U.S. Southern Baptists set to elect their first black president

By Reuters Staff
June 17, 2012

(Reverend Fred Luter (R) at a working dinner with then U.S. President George W. Bush (L) and Vice Admiral of Coast Guard Thad Allen (C) to discuss rebuilding efforts in the Gulf region after being struck by two hurricanes at Bacco in New Orleans October 10, 2005. REUTERS/Larry Downing)

The largest U.S. Protestant denomination is poised to elect the first black president in its 167-year history, just weeks after the predominately white religious group reprimanded one of its officials for making racially insensitive remarks.

Church leaders said choosing New Orleans pastor Fred Luter Jr. to head the Southern Baptist Convention would make an important statement about the denomination’s efforts to distance itself from its racist past and become more diverse.

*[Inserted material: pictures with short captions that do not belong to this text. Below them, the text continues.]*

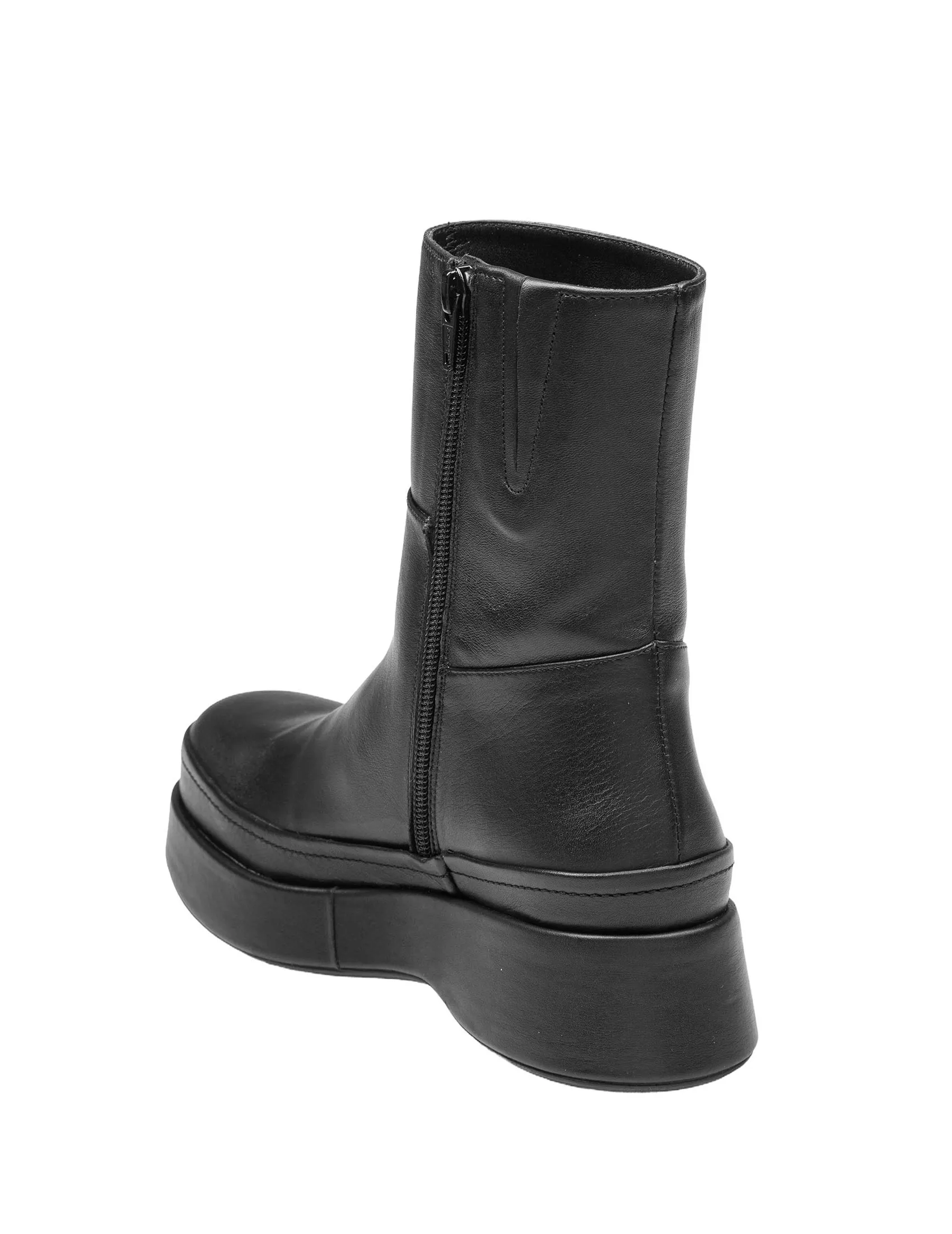 PALOMA BARCELO' DANUBE ANKLE BOOT IN BLACK LEATHER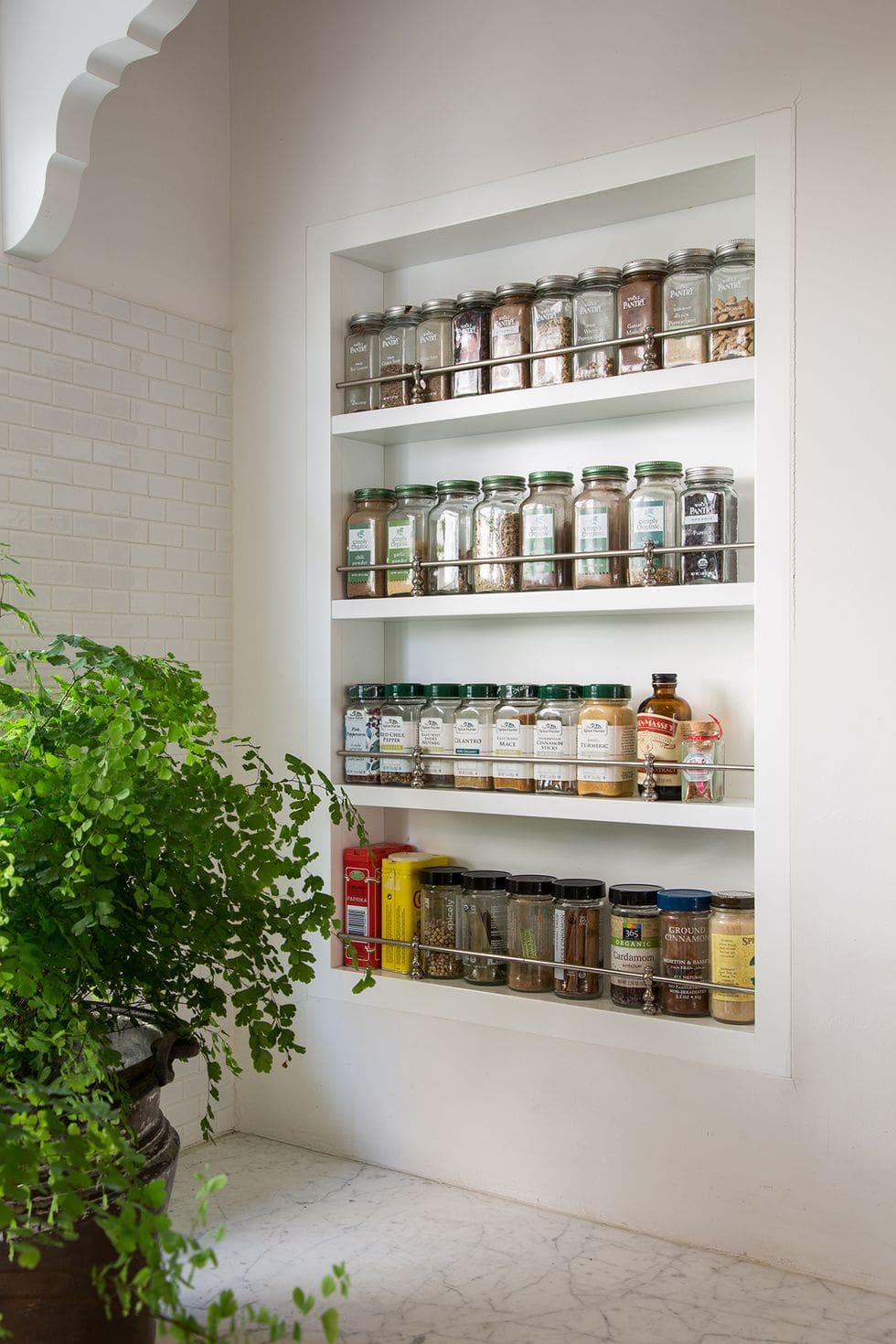 Spice Jars With Metal Rails Keep Everything Accessible
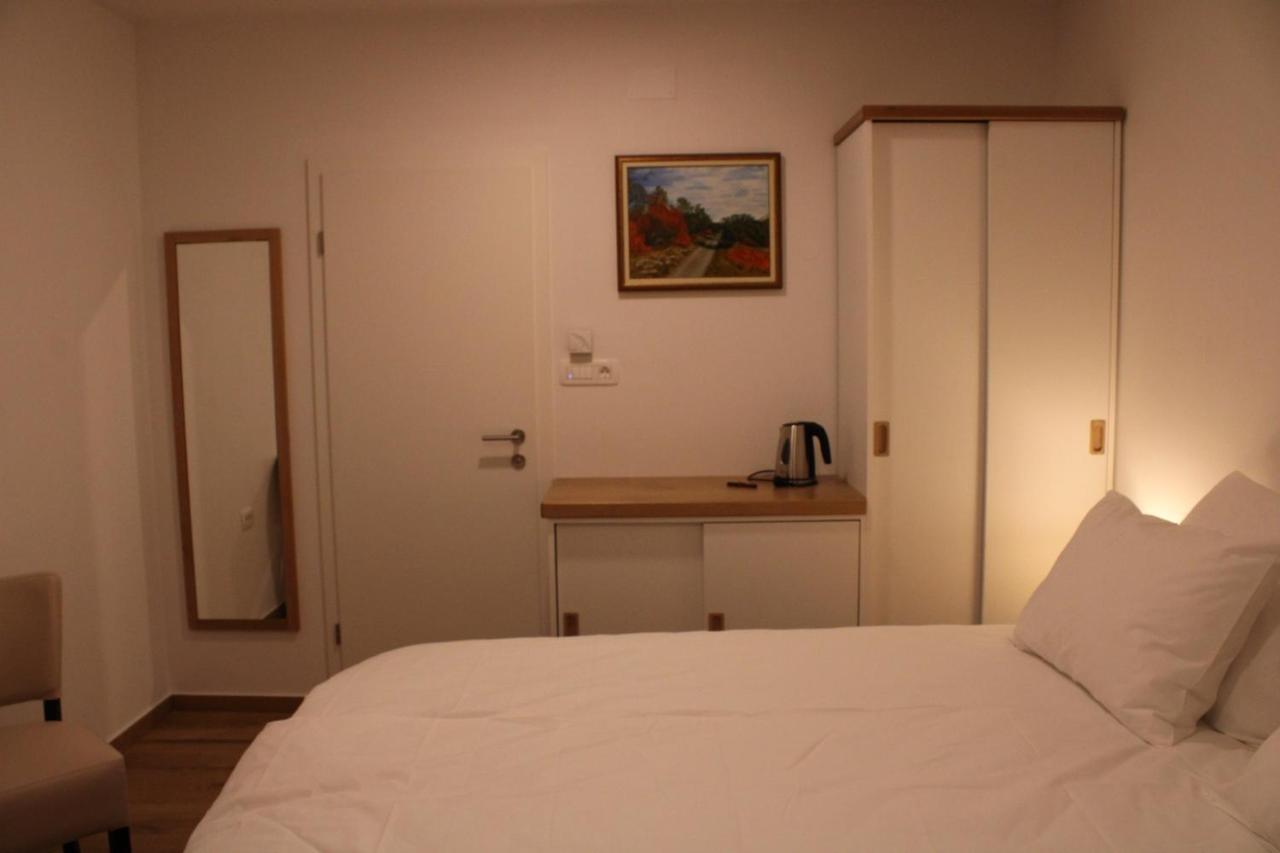 G House Hotell Dutovlje Exteriör bild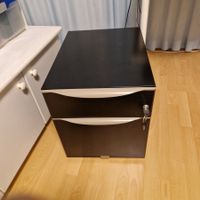 Korpus, abschliessbar,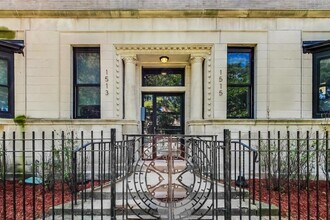 1515 W Sunnyside Ave in Chicago, IL - Building Photo - Building Photo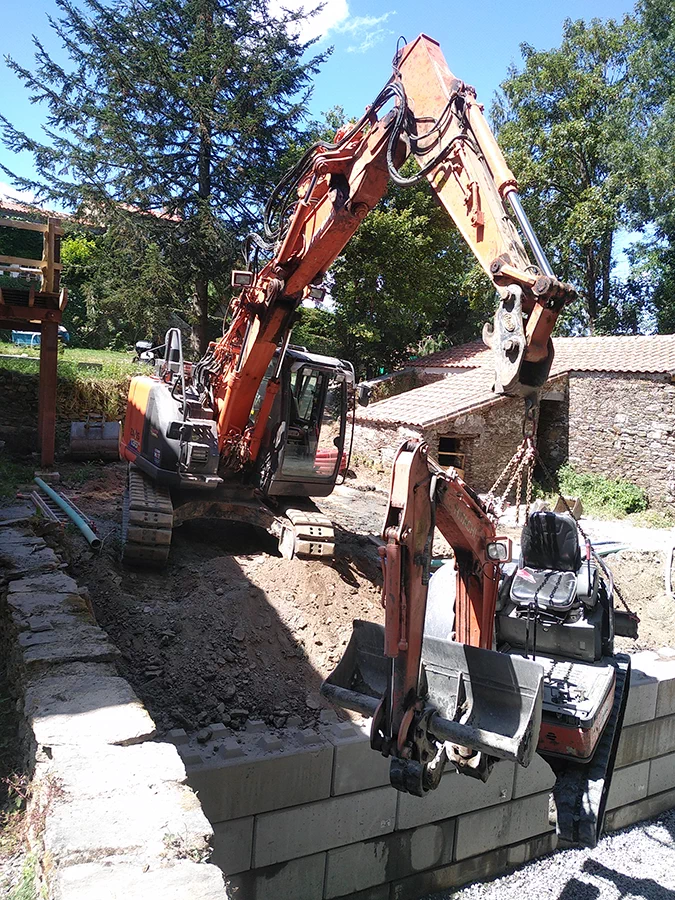 Réalisation de terrasement à Pont Saint Martin par JMTP FIGUREAU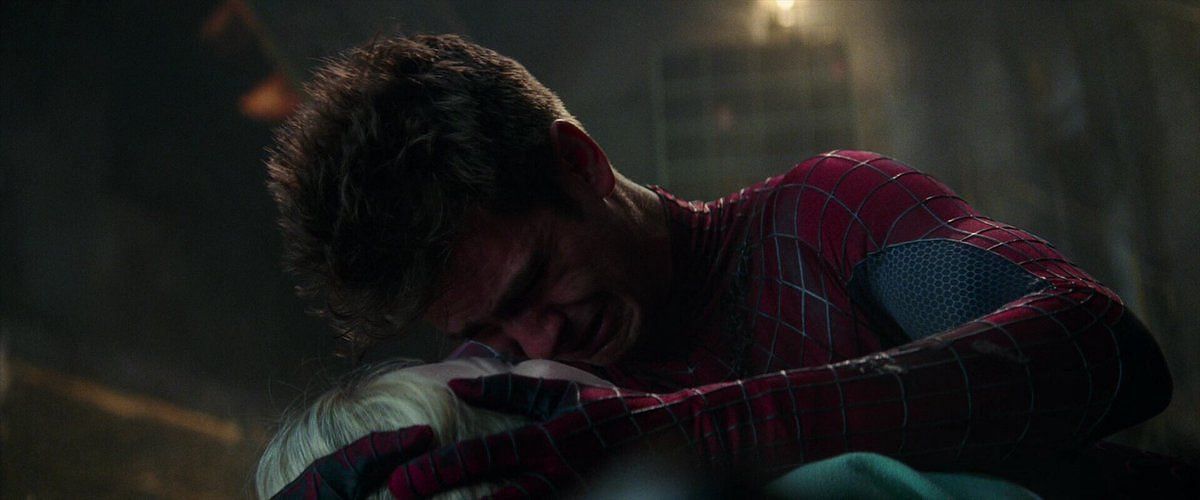 Peter Parker (Andrew Garfield) holds the lifeless body of his girlfriend, Gwen Stacy (Emma Stone), who died in a tragic fall (Image via Sony Pictures)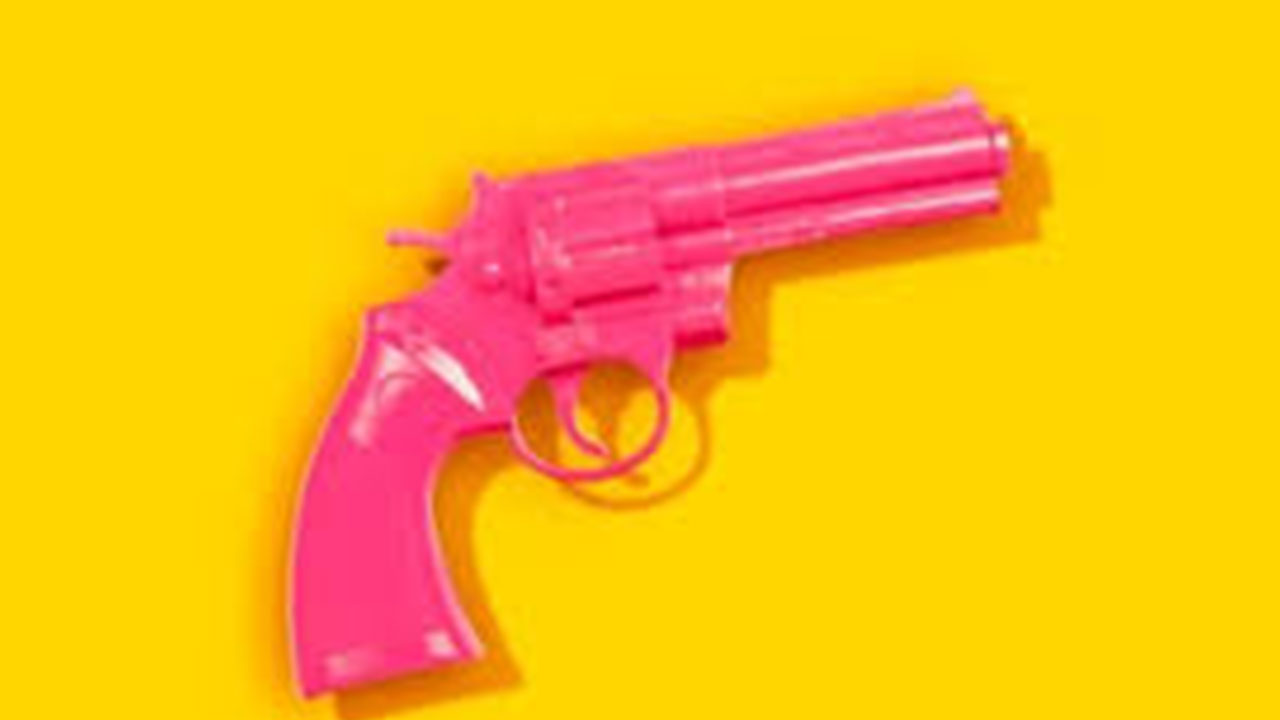 Foto - Çocuklara su tabancası alan siyasetçi hayatının şoku yaşadı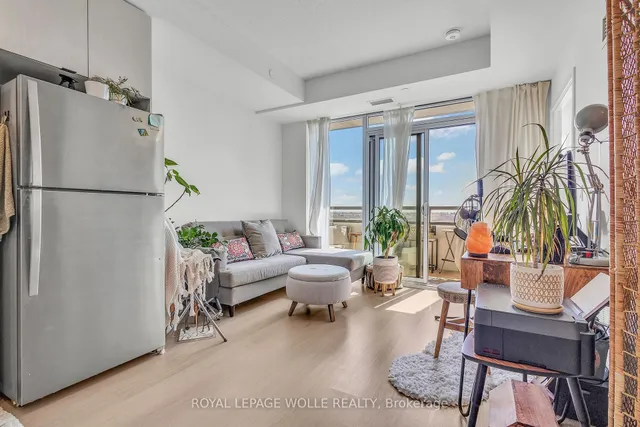 Additional image 17 of 859 The Queensway N/A Unit 412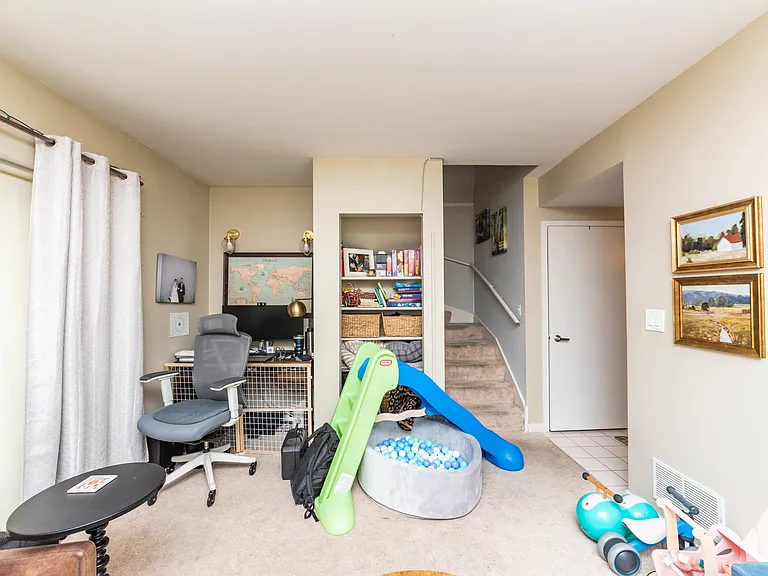 23 N Racine Ave #406 — Photo 17
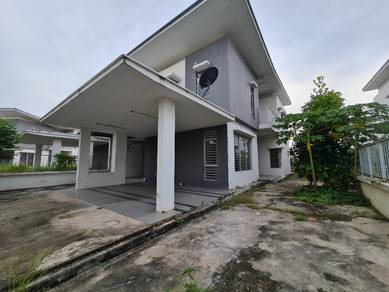 Semi-Detached House For Sale in Sungai Buloh,SGR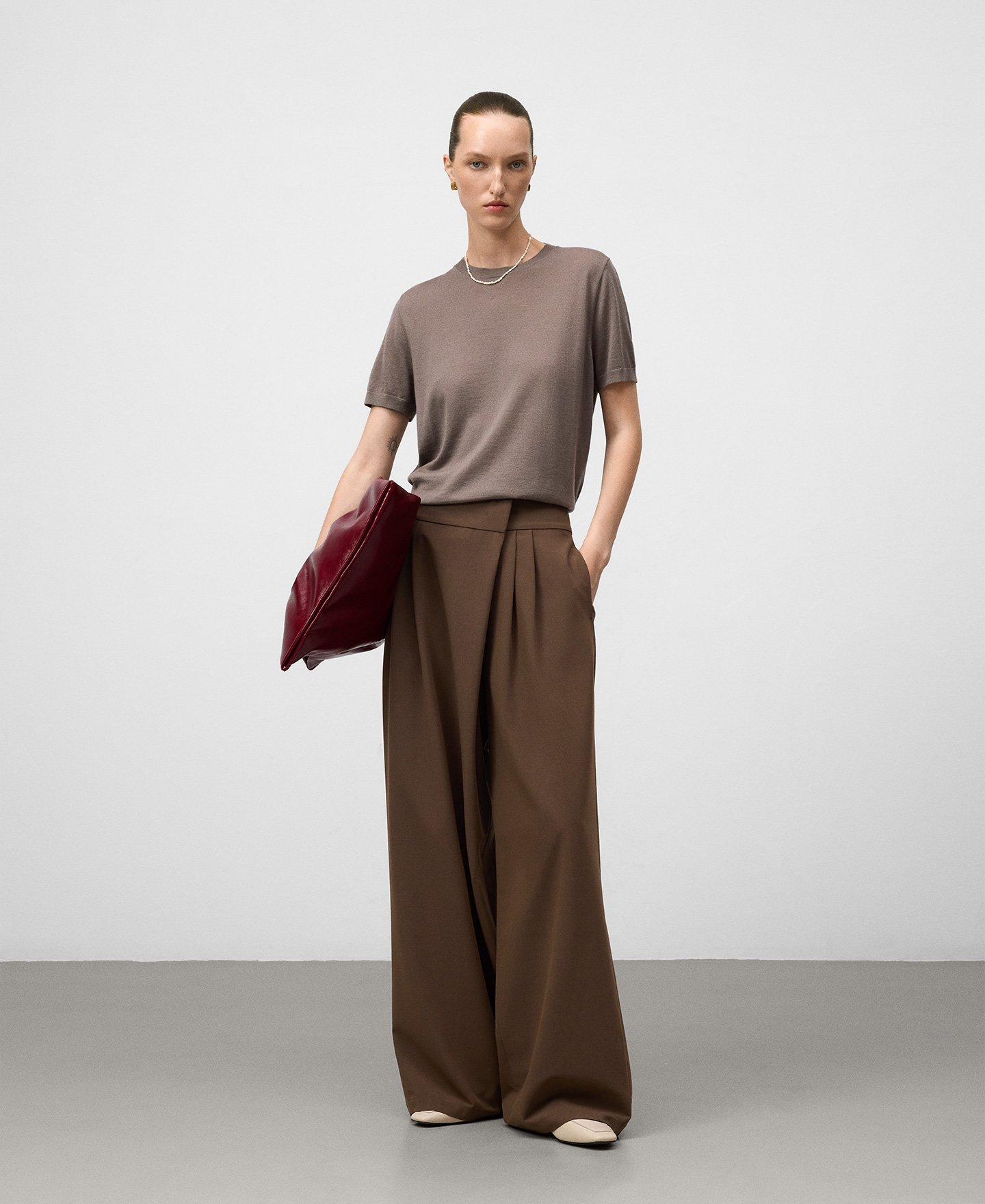 Merino wool short sleeve sweater woman image number 1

“I’m really pumped about this,” Luter said in a telephone interview with Reuters. “My church is so excited man. Because they know my common background, they know where I came from. … I’m really excited for them.”

First Baptist New Orleans Pastor David Crosby, who will nominate Luter, said the move is a statement that “we not only love people of color, we want them in our leadership.”

“We need his perspective. We need him at the table to help us understand who we are as Southern Baptists in this new era.”

Luter, 55, has already served as the first African-American in various leadership positions within the convention, including as its current first vice president.